Attempted proof a.) Let $\{u_n\}_{1}^{\infty}$ be an orthonormal sequence in $\mathcal{H}$. Then by Bessel's inequality for any $x\in \mathcal{H}$, $$\sum_{n=1}^{\infty}|\langle x,u_n\rangle|^2 \leq \lVert x\rVert^2$$ Suppose $f\in\mathcal{H^*}$ such that $f = \langle \cdot , x\rangle$. Now we know the sum converges by Bessel's Inequality. So, $$\lim_{n\rightarrow \infty}|f(u_n)|^2 = \lim_{n\rightarrow \infty}|\langle x,u_n\rangle|^2 = 0$$ Thus it follows that $$\lim_{n\rightarrow \infty}f(u_n) = 0 = f(0)$$ hence $\{u_n\}_{1}^{\infty}$ converges weakly to $0$
Attempted proof b.) Taking the suggestions from John Dawkins, Let $\{u_n\}_{1}^{\infty}$ be an orthonormal sequence in $\mathcal{H}$. Now define $x_n := x + \beta_n u_n$ to be a sequence of elements of $S$. Pick numbers $\beta_n$ such that $\| x_n \| = 1$.
I am not sure where to go from here, and I am not very sure what it means to be weakly dense.
 A: a)It is actually simpler : $\sum_{n=1}^{\infty}|\langle x,u_n\rangle|^2 \leq \lVert x\rVert^2\le +\infty$. So $\lim_{n \to \infty}|\langle x,u_n\rangle|^2=0$, so $\lim_{n \to \infty}\langle x,u_n\rangle = 0$. It is true $\forall x$, so by Riesz representation theorem, $\forall f \in H^*$, $\lim_{n \to \infty}f(u_n)=0$.
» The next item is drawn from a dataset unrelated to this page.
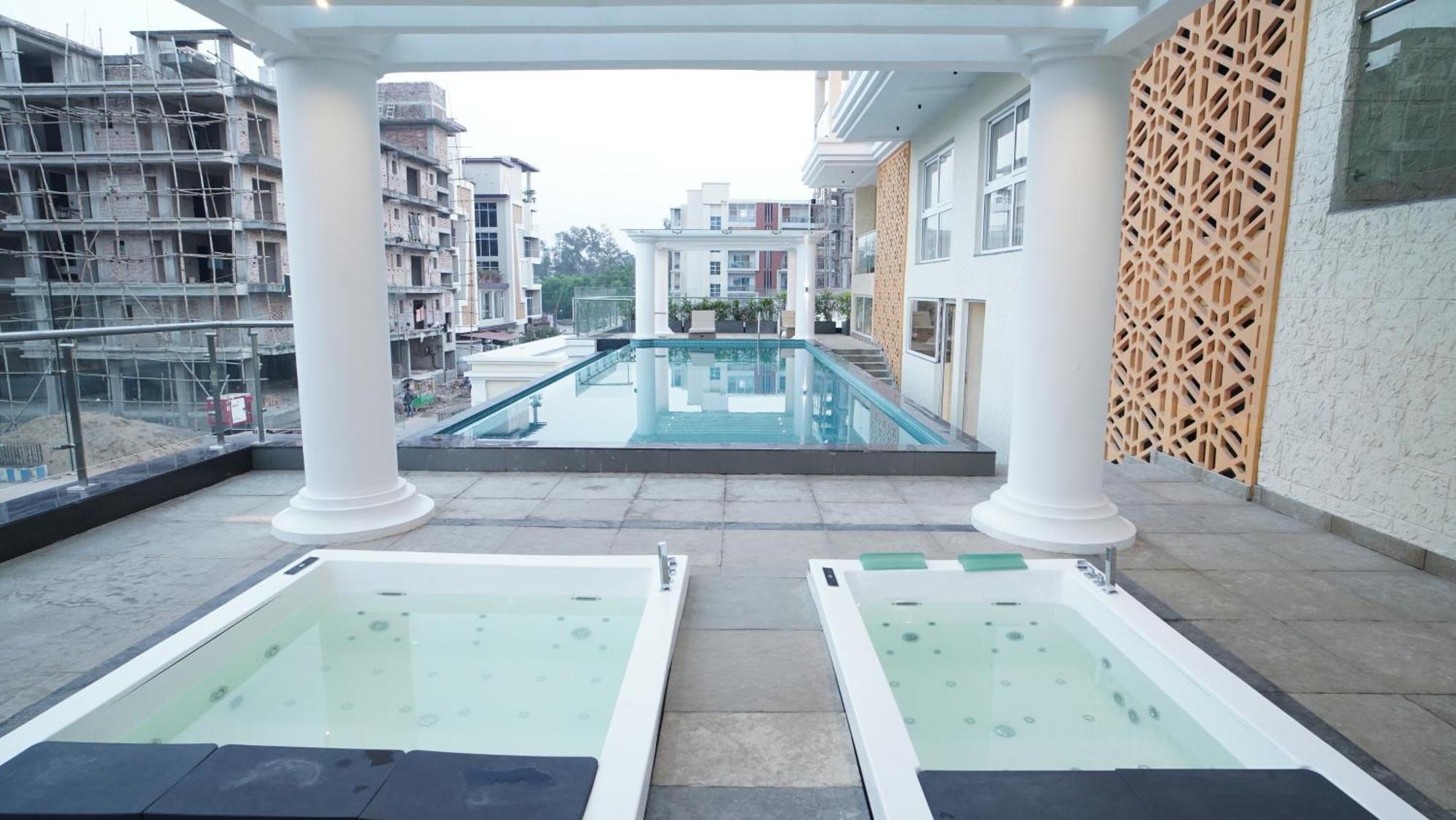 Antique Regency !! Luxurious Hotel In Digha !! Екстер'єр фото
b) Let $x_0 \in B-S$. Let $V$ be a weak neighbourhood of $x_0$. $\exists \epsilon>0$ and $\phi_1,...,\phi_n \in H^*$ such as $x_0+V_{\epsilon,\phi_1,...,\phi_n} \subseteq V$. Since $H$ is infinite dimensional, $\exists  x\neq 0$ such as $x \in \bigcap_{k=1}^n ker(\phi_k)$.  If $f(t)=||x_0+tx||, t\in \mathbb{R}$, $f$ is continuous on $\mathbb{R}$ and we have $f(0)=||x_0||<1$ and $ \lim_{t \to \infty} f(t) =+\infty $. We apply the intermediate value theorem : $\exists t_0>0$ such as $f(t_0)=1$. Then $x_1=x_0+t_0x \in S$ and we have : $|\phi_k(x_1-x_0)|=t_0|\phi_k(x)|=0 \le \epsilon,\space 1\le k \le n$. So $x_1 \in x_0+V_{\epsilon,\phi_1,...,\phi_n}\subseteq V$ and $S \cap V \neq \emptyset$. Finally $S$ is weakly dense in $B$.
A: Suggestions:
For a.), forget $x'$ and focus on the left side of Bessel's inequality: What do you know about the terms of  a convergent sequence?
For b.), let $\{u_n\}$ be an orthonormal sequence, choose numbers $\beta_n$ such that $x+\beta_nu_n$ has norm $1$, and then show that $\sup_n|\beta_n|<\infty$. Now use this fact in combination with a.).